Maybe I want to be surpised sometime with something nice, like perhaps you have a small meal that you made. Or maybe a note? Perhaps you could have something planned rather on me saying. "What do you want to do?" then have to drive, pay, and take shit. Perhaps we can talk today about how mean I am, or how I want something that you will only give to say.... everyone aside from myself, or maybe we can talk about how sad your life is and how picked on you are, and how I should feel sorry for you. Well damn it! I am sick and tired of being sorry for you. Its always about you, even when its about me, its about you. I want to be noticed as something for once, something special maybe, perhaps as something good. Instead of a beast of burden which takes care of all your troubles of every sort.

God I love you. I just cant stand the fact that even when you say I am not, in your mind I am and always will be nothing.

This is your song:




I am upset because to you, I am nothing.

Sitting

I am sitting right now. Waiting I suppose, waiting for something to happen and come, come to distract me. They always come, but I have noticed they come less and less anymore. Lucky my sister is here. Maybe I should go take pictures, or dred, go for a run. But for now I am checking and rechecking everything I have on this computer waiting for something new to happen.

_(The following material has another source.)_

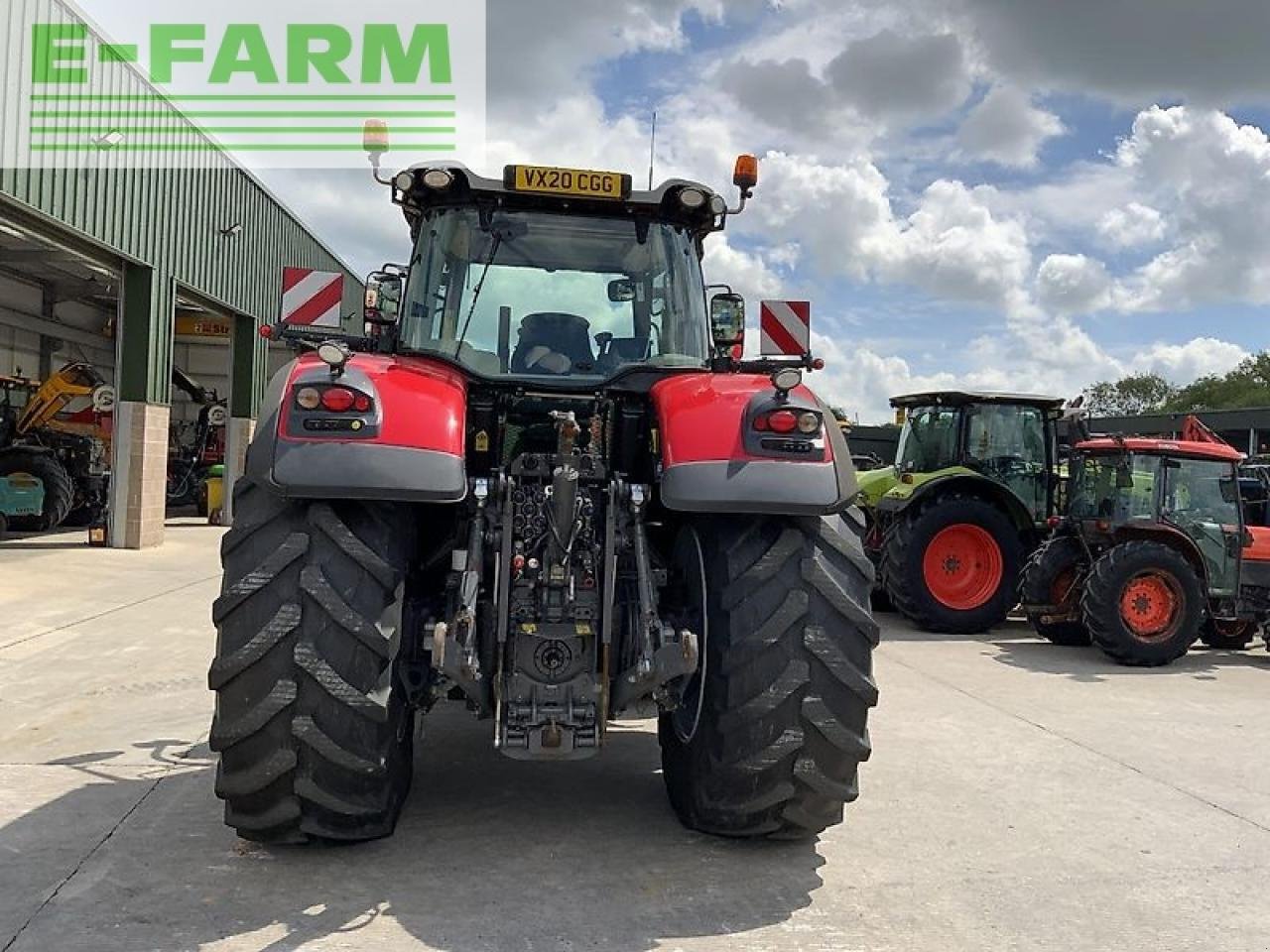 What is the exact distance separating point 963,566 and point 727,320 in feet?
21.4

flowers from my chair, somewhat irrelevent, but I wanted to post a picture.


My sister just left, I think I am going to find something to distract myself with. Such a dismal post.

What I am right now: bored. What I will be: Distracted.

Thursday, June 28, 2007

Coffee

Coffee is so nice for a social idea. Brilliant. I would have to say that coffee is the one drink that people can talk over, it seems to me every other drink is for.... well drinking.

"I am Jeremy, and thus it is."

A day of self-relization to be sure. One day a while ago I found that I am very small, you see everyone knows how small they are, but they dont realize it. Well this is a different situation altogether. I have been asked are you strait? Or are you religious? Or are you emo? No. I am not. I am Jeremy, these things are just insidental to me. they are part of me, I am not part of them. I think I can be comftorble doing anything now, I can hug a gay person, a strait person, anyone, because I am not insecure, why do others opinions matter? I am who I am and nothing you say can change that, no lable can change that. Because I am none of these things, I am Jeremy.

Tuesday, June 26, 2007

Sacrelige

They all seem to see a Hell reeking from me. I was the one that made them stronger in what they belive, and now that I am gone they hate me for it. I hurt, it pains, it sears not belive in what I thought I had. This darkness is constantly enveloping it consumes me, what once produced light that none could resist is now being consumed by the darkness itself. Who would know that the light would one day loose. That the passion would die, that I would become those who sink in self-loathing, become one of the ever hated and pain seeker, a blood weeper. Who knew that not only would I go to Hell but I became the Hell. I was once the cure and now the curse the plague itself.

This is me, I am what I fought, become what I hated.